A cursory google search suggests alignment is architecture and implementation dependent, so I doubt the OS will provide any guarantees.
On an x86-64 architecture, depending on compiler, you'll usually get either 4-byte-aligned or 8-byte-aligned.
So a 64-bit pointer + 16-bit field could be packed [8|2] for 12 bytes or 16 bytes, if in a struct. If it's two separate malloc calls, then I wouldn't make any assumptions. Usually more memory is allocated than needed, but who knows how the OS, CPU, and MMU handle it all. It could be either of the byte-aligned, or it could be something entirely different from legacy OS code.
The rules for malloc state the pointer you get may be aligned to the size of the element you are being allocated if that is smaller than the size of a pointer, or the alignment of a pointer, but that's it. So if you malloc(1) you can get a pointer where the 1s bit is significant.
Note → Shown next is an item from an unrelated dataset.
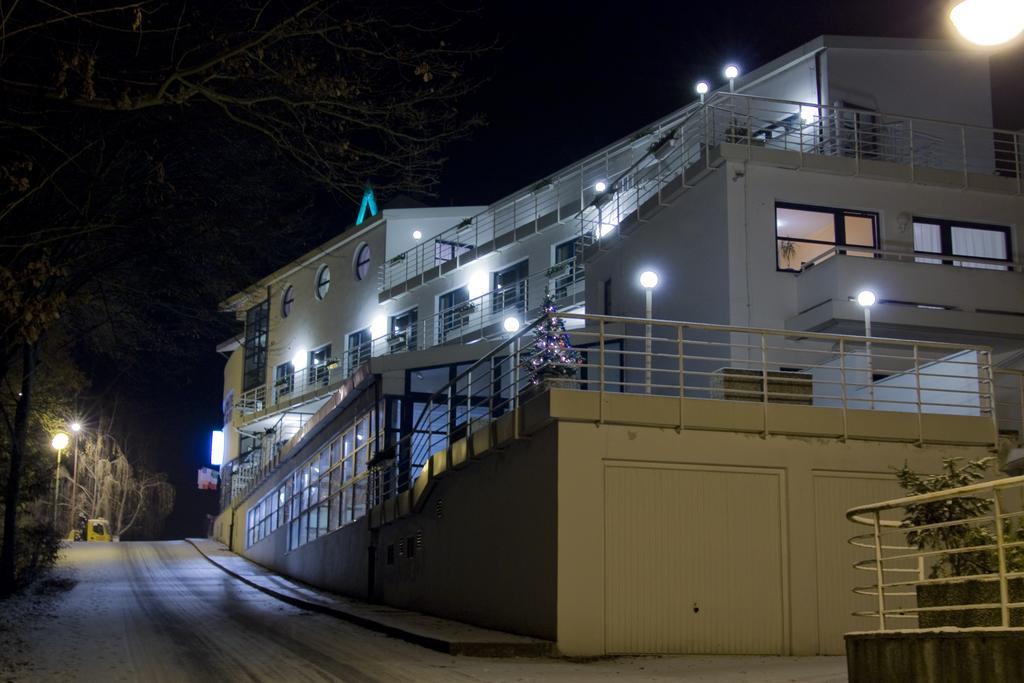 Interhotel America Pisek  Exterior photo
But if you malloc(87), you are probably going to get a pointer with the three low bits set to zero.
POSIX has aligned_alloc() which lets you specify an alignment bigger than 8, but it has to be a power of 2; you can't ever ask for an alignment of, say, 12 bytes.
I really am trying to not waste space; I don't want to use two 64-bit words to store a pointer plus my 16 bits of "useful" information; this means I'm storing 16 bytes for every 10 bytes of useful info, which is 60% overhead - this adds up in the large dataset I'm working with.
So if I can demonstrate the difference between two malloc() in a single program instance is less than 2^48 (technically 2^55, since I can aligned_alloc() on 128 bytes and not have to worry about the low 7 bits of the pointers), then I can use an arbitrary malloc() as a "base address" and then every other pointer I can treat as an offset from that base address - allowing me to use 6 bytes for the pointer and reduce my memory requirements by 60%.
I could
manually create a base address and create my own indirection table, but again because of large data sets I'd rather not do that because of the performance hits associated with too many indirections in likely different areas of memory which will not be cache-local.